Your instructions: Print the records below word for word, but leave out the pictures.
Data for the task: Begin
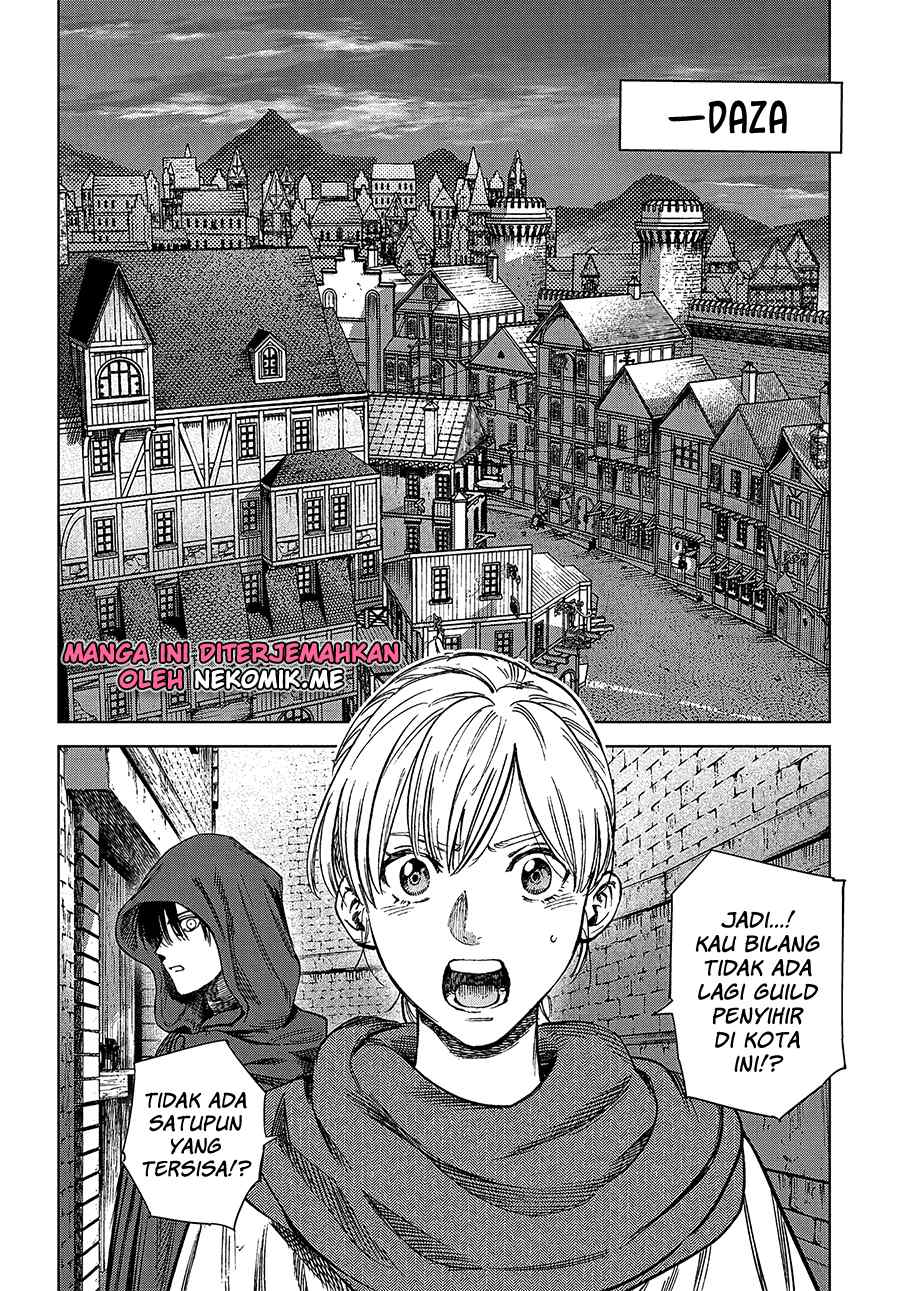 madou-no-keifu - Chapter: 28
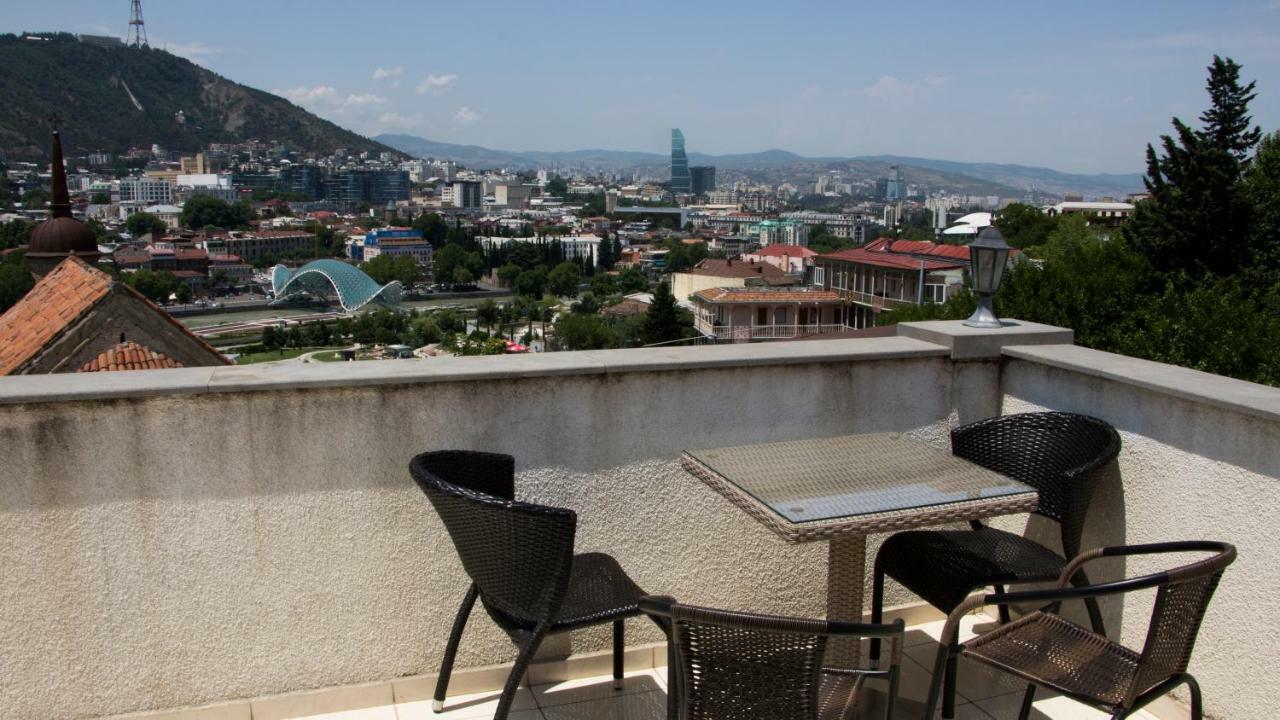 Hotel New Metekhi Tbilisi Exterior photo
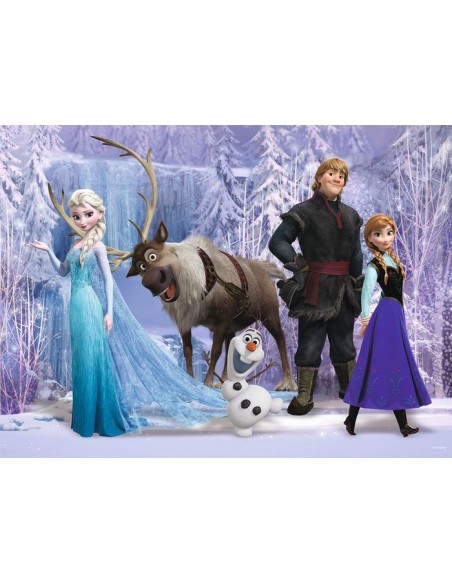 Ravensburger In The Realm Of Snow  100 pcs XXL  Disney Frozen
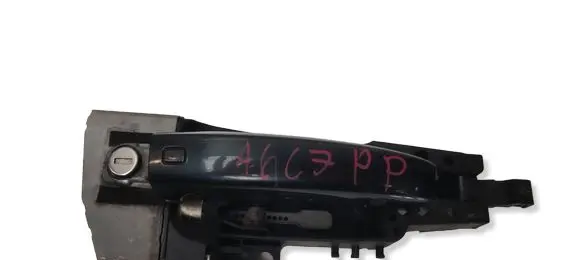 Audi A6 S6 C7 4G Front door exterior handle 4H0837886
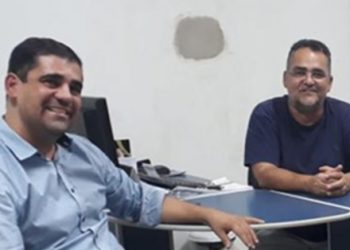 Valente: PDT convida Dica do Posto para ingressar no partido e disputar a Prefeitura em 2024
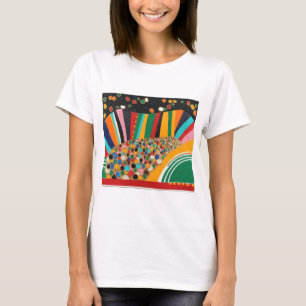 Olympische beweging t-shirt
Data for the task: End
Output for this exercise:
 madou-no-keifu - Chapter: 28
 Hotel New Metekhi Tbilisi Exterior photo
 Ravensburger In The Realm Of Snow  100 pcs XXL  Disney Frozen
 Audi A6 S6 C7 4G Front door exterior handle 4H0837886
 Valente: PDT convida Dica do Posto para ingressar no partido e disputar a Prefeitura em 2024
 Olympische beweging t-shirt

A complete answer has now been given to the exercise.